-- PROVIDED RECORDS follows --

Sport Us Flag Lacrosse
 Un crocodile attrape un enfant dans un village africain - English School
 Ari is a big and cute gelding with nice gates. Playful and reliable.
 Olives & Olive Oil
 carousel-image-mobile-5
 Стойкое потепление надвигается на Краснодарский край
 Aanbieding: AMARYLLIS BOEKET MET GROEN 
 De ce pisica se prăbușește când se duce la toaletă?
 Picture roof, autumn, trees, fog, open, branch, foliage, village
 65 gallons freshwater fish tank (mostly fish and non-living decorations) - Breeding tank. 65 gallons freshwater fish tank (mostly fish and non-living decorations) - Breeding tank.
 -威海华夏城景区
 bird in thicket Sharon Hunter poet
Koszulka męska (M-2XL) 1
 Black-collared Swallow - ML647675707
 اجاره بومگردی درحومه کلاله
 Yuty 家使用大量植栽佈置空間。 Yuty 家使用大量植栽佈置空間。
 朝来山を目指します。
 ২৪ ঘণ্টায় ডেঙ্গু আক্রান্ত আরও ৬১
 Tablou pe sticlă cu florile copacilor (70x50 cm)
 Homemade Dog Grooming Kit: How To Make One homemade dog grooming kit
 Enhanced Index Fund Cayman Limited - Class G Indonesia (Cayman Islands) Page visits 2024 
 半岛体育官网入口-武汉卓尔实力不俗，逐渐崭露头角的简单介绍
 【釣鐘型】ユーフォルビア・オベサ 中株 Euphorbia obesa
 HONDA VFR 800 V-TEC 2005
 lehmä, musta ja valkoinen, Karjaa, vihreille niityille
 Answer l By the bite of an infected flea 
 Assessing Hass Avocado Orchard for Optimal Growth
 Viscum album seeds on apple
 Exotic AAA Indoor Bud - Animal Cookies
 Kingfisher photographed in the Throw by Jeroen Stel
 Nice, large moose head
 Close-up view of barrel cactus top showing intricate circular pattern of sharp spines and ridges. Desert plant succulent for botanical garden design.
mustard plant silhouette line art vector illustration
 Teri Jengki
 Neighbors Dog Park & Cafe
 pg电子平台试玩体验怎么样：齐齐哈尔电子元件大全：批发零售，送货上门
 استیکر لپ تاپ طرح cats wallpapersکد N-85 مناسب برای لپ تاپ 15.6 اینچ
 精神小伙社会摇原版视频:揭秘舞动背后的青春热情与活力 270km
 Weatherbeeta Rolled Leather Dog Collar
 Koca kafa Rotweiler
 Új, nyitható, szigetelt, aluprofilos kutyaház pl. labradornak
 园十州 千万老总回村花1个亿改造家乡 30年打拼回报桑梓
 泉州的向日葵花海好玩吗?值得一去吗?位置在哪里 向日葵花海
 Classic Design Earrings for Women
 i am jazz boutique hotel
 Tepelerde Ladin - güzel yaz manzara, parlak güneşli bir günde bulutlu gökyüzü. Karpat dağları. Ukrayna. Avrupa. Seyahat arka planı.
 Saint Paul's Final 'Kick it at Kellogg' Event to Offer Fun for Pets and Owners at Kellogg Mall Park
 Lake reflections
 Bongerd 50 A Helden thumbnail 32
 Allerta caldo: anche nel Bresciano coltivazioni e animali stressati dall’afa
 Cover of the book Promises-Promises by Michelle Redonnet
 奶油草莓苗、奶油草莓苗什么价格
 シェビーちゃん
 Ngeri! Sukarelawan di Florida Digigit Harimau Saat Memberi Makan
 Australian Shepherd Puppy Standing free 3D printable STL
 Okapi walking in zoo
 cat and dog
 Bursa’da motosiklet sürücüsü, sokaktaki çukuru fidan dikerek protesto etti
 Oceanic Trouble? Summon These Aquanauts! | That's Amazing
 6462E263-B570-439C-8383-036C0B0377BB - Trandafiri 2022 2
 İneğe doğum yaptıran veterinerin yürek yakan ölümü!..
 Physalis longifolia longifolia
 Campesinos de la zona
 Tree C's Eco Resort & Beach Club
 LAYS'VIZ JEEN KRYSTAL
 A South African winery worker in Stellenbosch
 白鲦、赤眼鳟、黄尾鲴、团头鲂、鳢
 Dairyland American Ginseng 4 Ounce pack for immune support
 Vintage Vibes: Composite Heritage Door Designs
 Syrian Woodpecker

-- PROVIDED RECORDS concluded --

Would you please repeat exactly the lines above, starting at the line with "Un crocodile attrape" and stopping at the line with "Koszulka męska (M-2XL) 1", both included?

 Un crocodile attrape un enfant dans un village africain - English School
 Ari is a big and cute gelding with nice gates. Playful and reliable.
 Olives & Olive Oil
 carousel-image-mobile-5
 Стойкое потепление надвигается на Краснодарский край
 Aanbieding: AMARYLLIS BOEKET MET GROEN 
 De ce pisica se prăbușește când se duce la toaletă?
 Picture roof, autumn, trees, fog, open, branch, foliage, village
 65 gallons freshwater fish tank (mostly fish and non-living decorations) - Breeding tank. 65 gallons freshwater fish tank (mostly fish and non-living decorations) - Breeding tank.
 -威海华夏城景区
 bird in thicket Sharon Hunter poet
Koszulka męska (M-2XL) 1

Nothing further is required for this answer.